William Ghaul, DO, Reema Vaze, MD, Anastasia Shnitser, MD, Hina Sheik, MD Lehigh Valley Health Network, Allentown, PA
Introduction: IgA Vasculitis is a small-vessel vasculitis mediated by IgA-immune complex deposition. The classic triad of symptoms includes pruritic rash, abdominal pain, and renal damage. Around 90% of cases are observed in children. Treatment involves mainly supportive care. However, if diagnosed in adulthood, the course is more complex. Management of these patients involves immunomodulatory regimens given multi-organ involvement.
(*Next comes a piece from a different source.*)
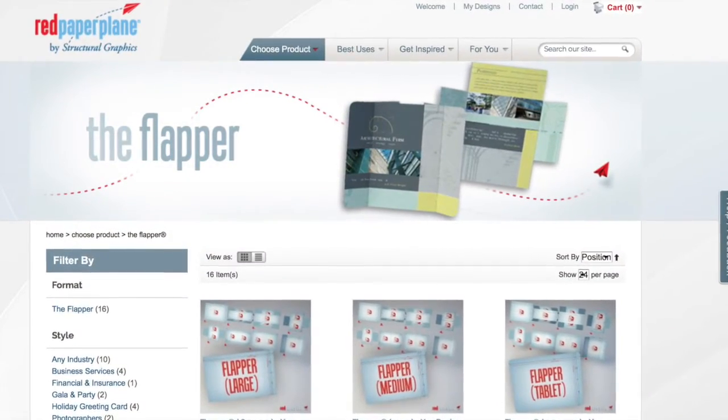So these are just three examples of how you can use the flapper and how creative you can get depending on the size. Make sure to check us out on our website to see additional examples of the flapper. If you're looking for a quick turnaround flapper, be sure to check our sister company out at RedPaperPlane.com, where you can upload your own design and make the flapper your own. Thank you so much for watching — we'll see you next time. Be sure to check us out at StructuralGraphics.com, Facebook, and Twitter.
Case Description/Methods: A 57-year-old male with multiple prior abdominal surgeries presented with several days of abdominal pain and bloody diarrhea. Physical exam was notable for a diffusely tender abdomen and a palpable, purpuric rash on his lower extremities. Admission lab work revealed a leukocytosis of 26, elevated CRP of 190, and AKI on CKD3b with Cr 1.86 (baseline Cr 1.1). A comprehensive stool test was negative. CTA of the abdomen revealed no active bleeding. Surgery was consulted and recommended no acute surgical intervention. MR enterography ordered by GI showed long segment thickening of the small bowel suggestive of enteritis. Dermatology performed a skin biopsy. Results of the biopsy were ultimately consistent with leukocytoclastic vasculitis with IgA deposition. Oral steroids were initiated. His abdominal pain, bloody diarrhea, and renal function improved. He was discharged with an oral steroid taper and outpatient rheumatology follow-up.
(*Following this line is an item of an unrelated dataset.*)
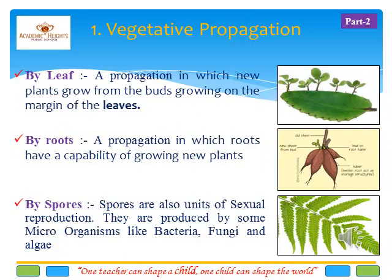Slide 7. Coming to the next slide, vegetative propagation is also taken by leaf — a propagation in which new plants grow from the buds growing on the margin of the leaves. As you can see in the figure, this leaf has small buds at the edges, and each bud can grow into a new plant.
Discussion: Adult-onset IgA vasculitis has been reported in up to 14.3 cases per million patients. Diagnostic criteria include palpable purpura of the lower limbs, abdominal pain, IgA deposition on biopsy, joint pain, and/or renal involvement. The etiology remains unknown but various infections due to MRSA, H. pylori, HIV, or Hepatitis B have been proposed as causes. Although the skin is the most commonly involved site, GI involvement occurs in about 48% of cases. Diffuse abdominal pain typically occurs 1 week after the onset of rash. Endoscopy and colonoscopy are used to establish a diagnosis in these patients. Treatment options include NSAIDs, colchicine, or oral glucocorticoids depending on severity. Malignancies, including lung cancer and multiple myeloma, have been associated with adult-onset IgA vasculitis and work-up should be initiated upon admission.
Figure: Palpable, pruritic purpura on bilateral lower extremities of the patient.
Disclosures:
William Ghaul indicated no relevant financial relationships.
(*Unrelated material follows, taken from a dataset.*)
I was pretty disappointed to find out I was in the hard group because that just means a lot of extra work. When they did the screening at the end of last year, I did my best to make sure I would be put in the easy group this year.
Reema Vaze indicated no relevant financial relationships.
Anastasia Shnitser indicated no relevant financial relationships.
Hina Sheik indicated no relevant financial relationships.
William Ghaul, DO, Reema Vaze, MD, Anastasia Shnitser, MD, Hina Sheik, MD. P1335 - Not Just for Kids: A Case of Adult-Onset IgA Vasculitis, ACG 2023 Annual Scientific Meeting Abstracts. Vancouver, BC, Canada: American College of Gastroenterology.